Благодаря снимкам, впрочем, сделанным собственноручно, попал на съемочную площадку "Сладкой жизни" и римский фоторепортер Тацио Секкьяроли. На Феллини произвели сильное впечатление две его публикации, скандализировавшие правоверных католиков: вполне реальный стриптиз в клубе "Ругантино", устроенный юной турчанкой Айше Нана назло Аните Экберг, и фальсифицированное "чудо в Терни", где прохвост-фотограф заставил крестьян, якобы узревших богоматерь, изображать картинное изумление. Оба эти эпизода вошли в "Сладкую жизнь", а фотограф угодил в картину под именем Папараццо.

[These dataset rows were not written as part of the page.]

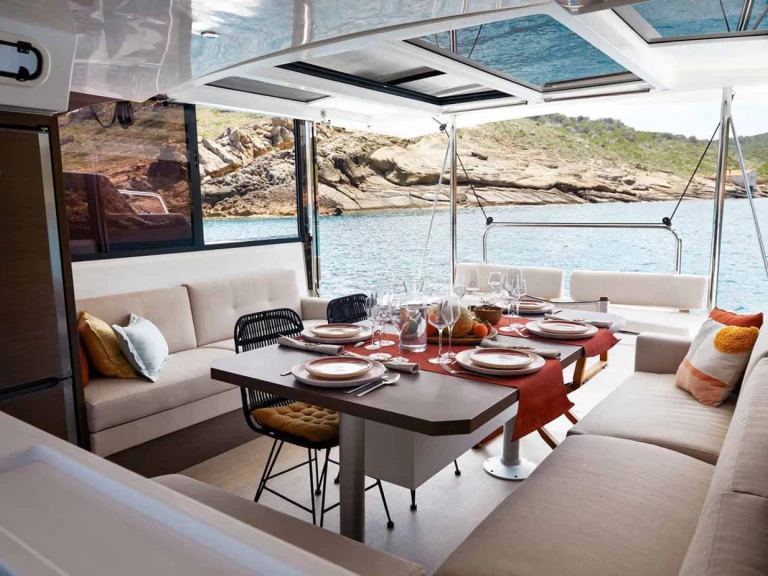 Hire a Bali Bali Catspace Voile Palma de Mallorca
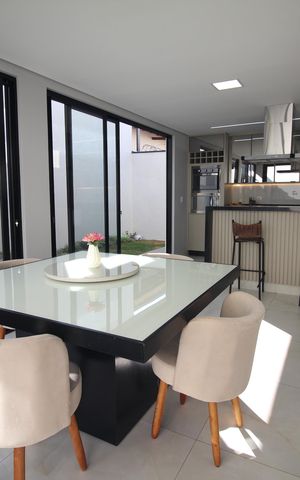 Casa à venda com 330m², 4 quartos e 5 vagasCozinha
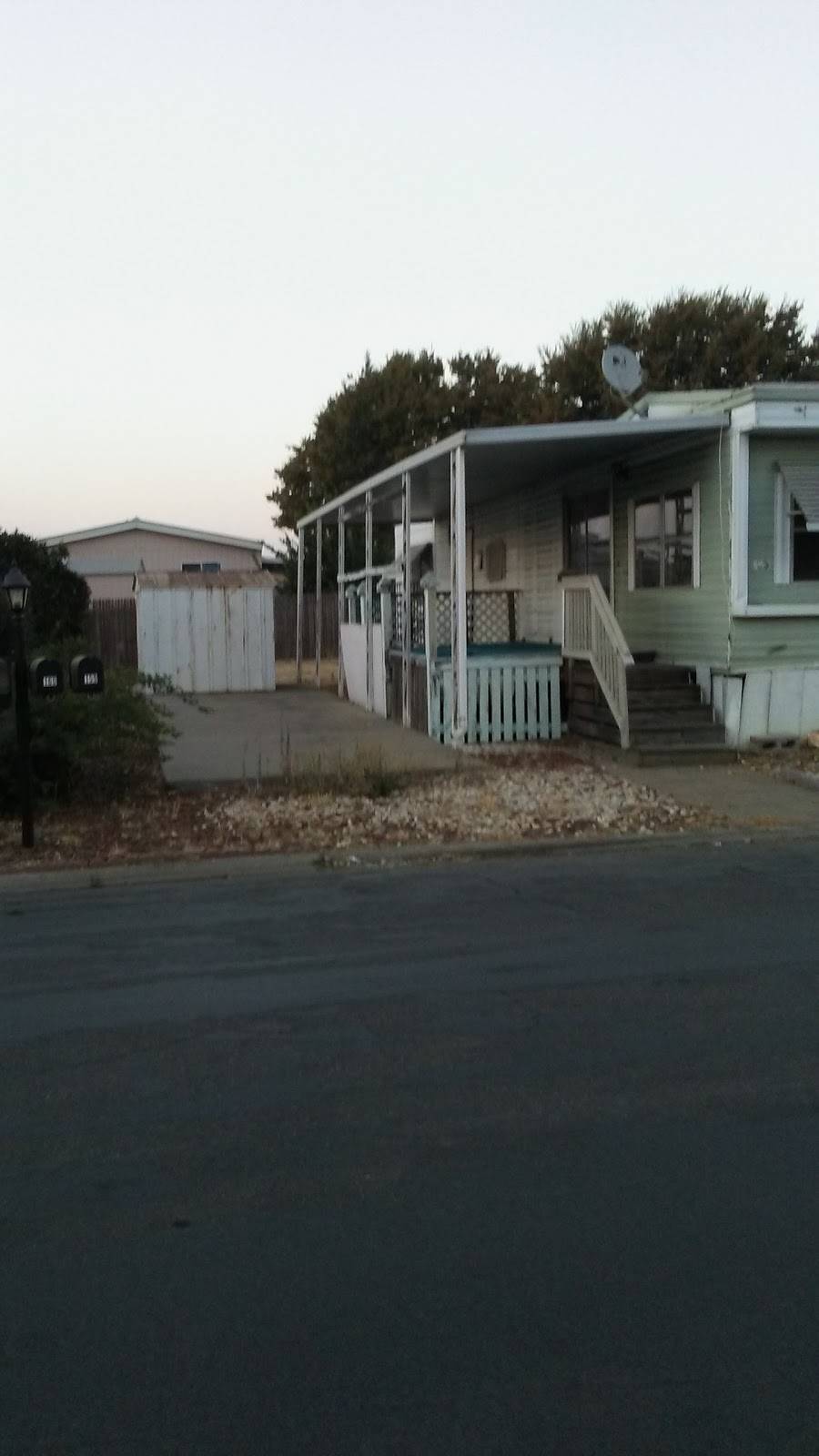 Stockton Verde Mobile Home Park | 4900 CA-99, Stockton, CA 95212, USA | Phone: (209) 931-4512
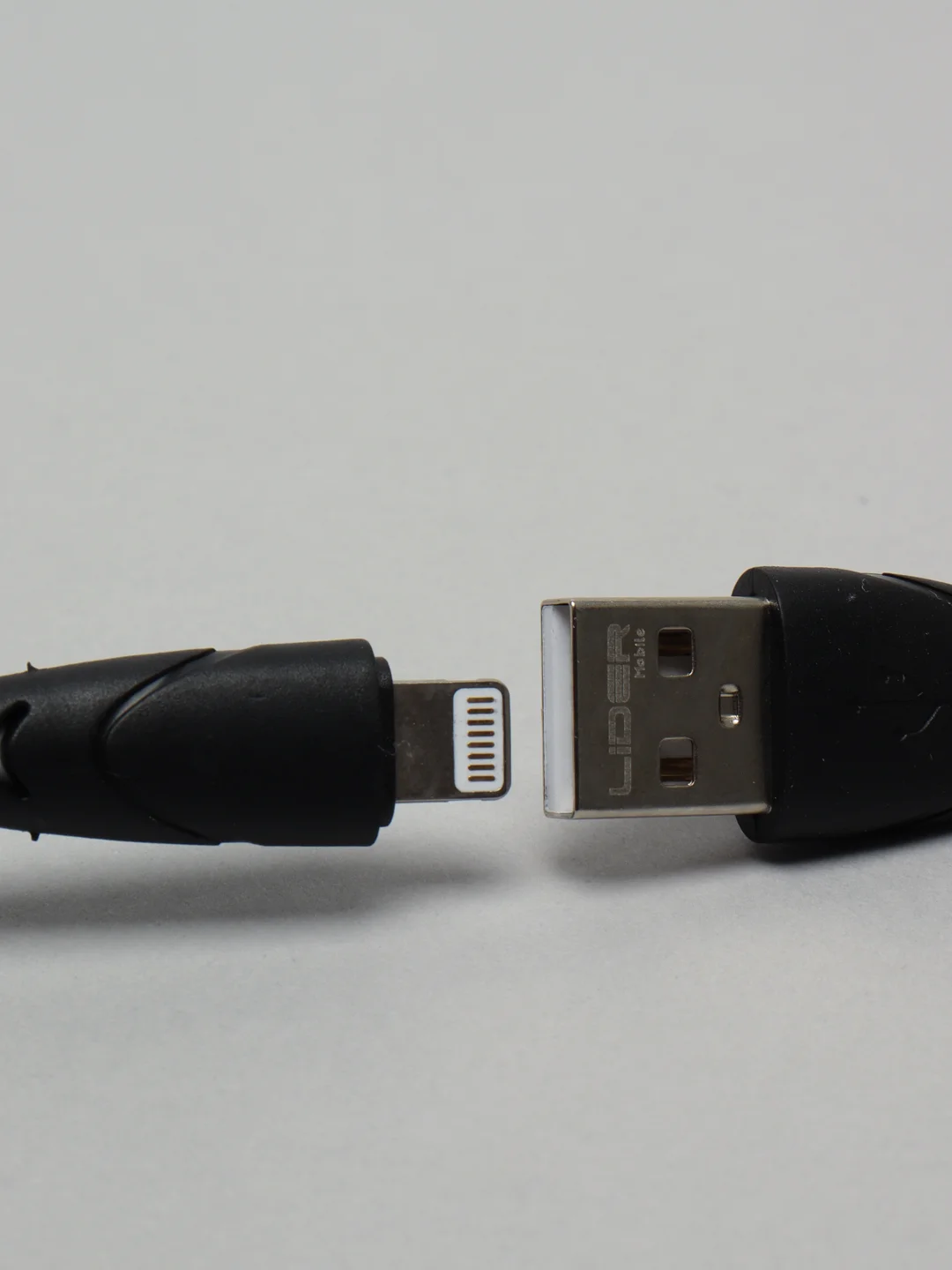 Белый кабель Lider для зарядки IPhone Lightning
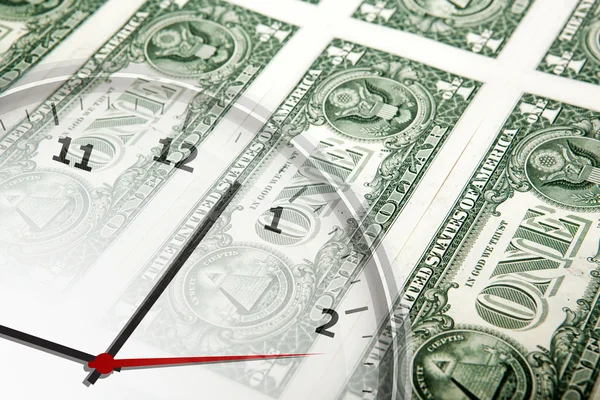 Reloj en el fondo de los billetes dólares — Foto de Stock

Это имя тоже сразу после премьеры фильма стало нарицательным — так теперь называют беззастенчивых фотоохотников за звездами.
Много позже, делясь с одним из интервьюеров мыслями о своей знаменитой картине, режиссер сказал: "Я отдаю себе отчет в том, что "Сладкая жизнь" представляла собой феномен, значение которого вышло за рамки самого фильма, с точки зрения нравов, но, возможно, также и в силу некоторых новаций; это был первый итальянский фильм продолжительностью три часа, и все требовали, чтобы я его сократил. Мне пришлось защищать его изо всех сил. Питательной почвой для создания его зрительного ряда явилась та жизнь, которую показывают нам иллюстрированные журналы, отражающие общество, которое себя непрерывно прославляет, собой любуется, само себя хвалит и награждает. Мне хотелось всласть понасмехаться над этим. Но разве я мог это объяснить старушке во всем черном, которая спустя пару месяцев после выхода фильма, когда разразился скандал, когда грозили отобрать цензурное разрешение на демонстрацию картины, сжечь ее негативы, отнять у меня заграничный паспорт,— что я мог сказать той старушке, которая, вцепившись в мой галстук, прохрипела мне в лицо: "Лучше бы ты привязал себе камень на шею и утопился в самом глубоком море, чем искушать людей"".
Пересматривая сегодня отреставрированную "Сладкую жизнь", где бережно восстановлен так заботивший режиссера контраст глубокого черного и яркого, почти серебристого белого цвета, остается только подивиться прозорливости той возмущенной старушки. В мире, порабощенном глянцем, насмешливая интонация Федерико Феллини звучит еще отчетливее, чем полвека назад. Хотя в каком-то смысле и обреченнее.